Technical information
- Licensing authority: FCC
- Facility ID: 34604
- Class: C3
- ERP: 24,000 watts
- HAAT: 103 m (338 ft)
- Transmitter coordinates: 40°56′55″N 91°33′55″W﻿ / ﻿40.94861°N 91.56528°W

Links
- Public license information: Public file; LMS;
- Webcast: Listen live
- Website: kilj.com

= KILJ-FM =

KILJ-FM (105.5 FM) is a commercial radio station that serves the Mount Pleasant, Iowa area. The station broadcasts an easy listening format. KILJ-FM is licensed to KILJ Inc which is owned by Paul and Joyce Dennison.
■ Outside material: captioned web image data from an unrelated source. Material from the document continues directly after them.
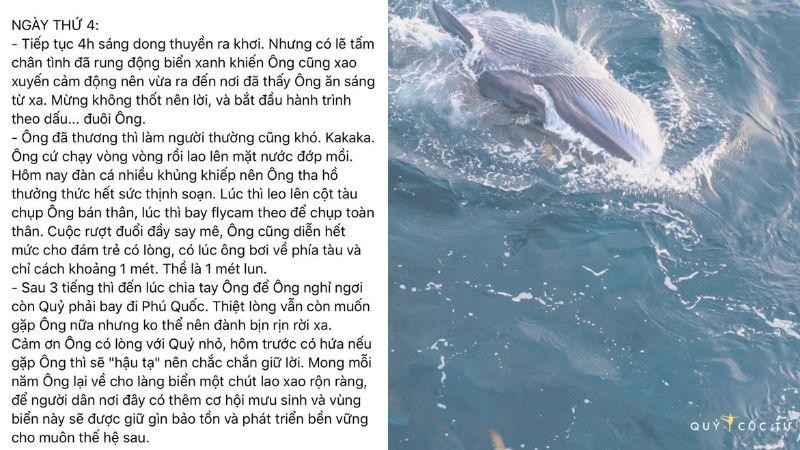 May mắn hơn nữ luật sư Woo Young Woo, travel blogger Hải An thành công săn ảnh cá voi ở biển Đề Gi-10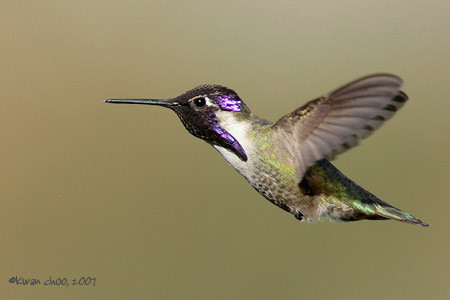 Costa's Hummingbird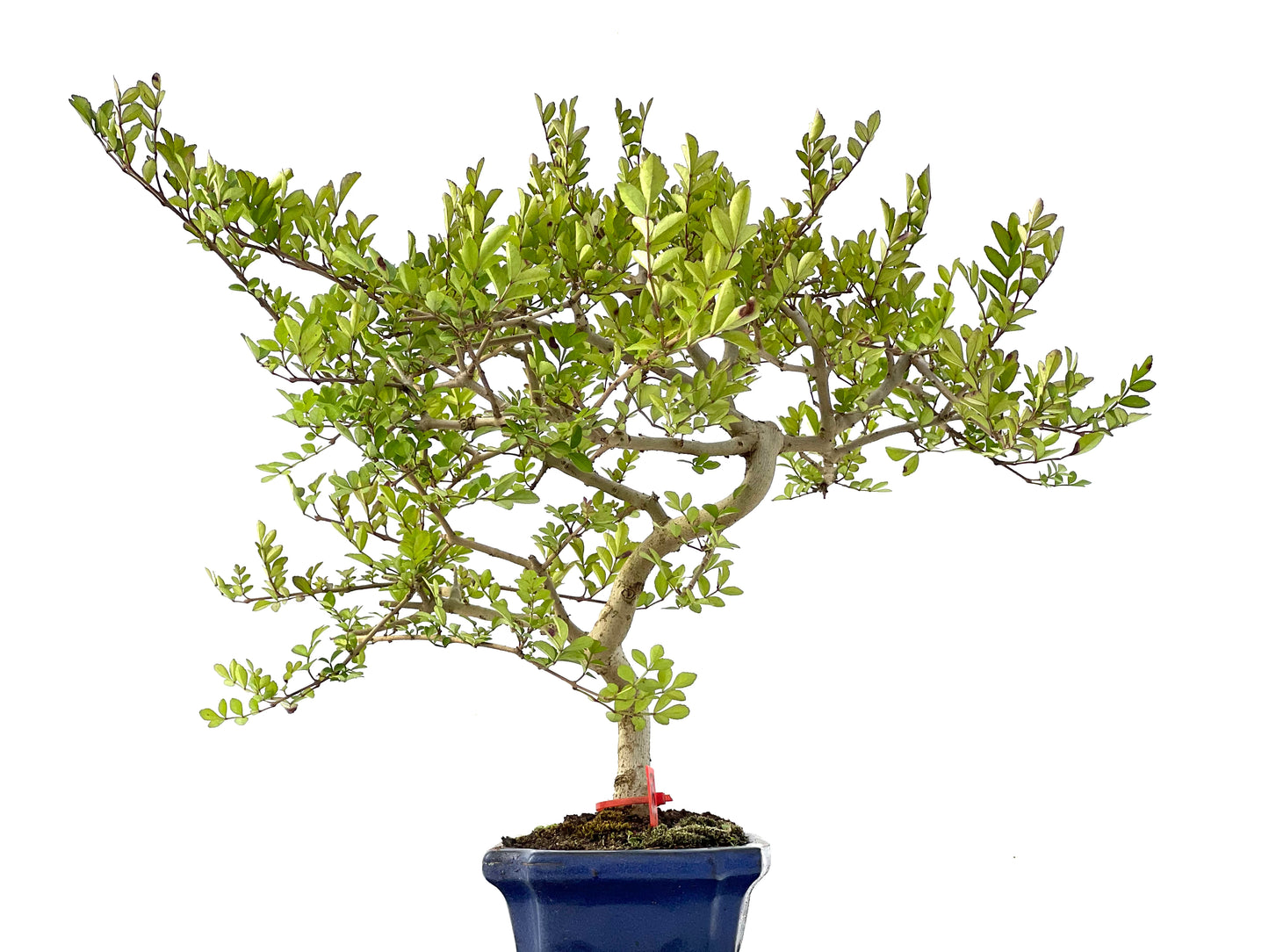 Fraxinus 2333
They also own sister station KILJ 1130 AM.

In addition to the music, the station provides national, state and local news, along with high school and college sports, weather, and grain and livestock markets.

According to the company website, the station was started by Frosty Mitchell and former Iowa governor Robert D. Ray in 1970. Paul and Joyce Dennison purchased the station in 1977.

The sports department is headed by Slaten Swords, providing play-by-play for several southeast Iowa prep programs.

Yorke Prough leads the news department.

The transmitter and broadcast tower are located southwest of Mount Pleasant on Oakland Mills Road. According to the Antenna Structure Registration database, the tower is 104.5 m tall with the FM broadcast antenna mounted at the 99 m level. The calculated Height Above Average Terrain is 103 m.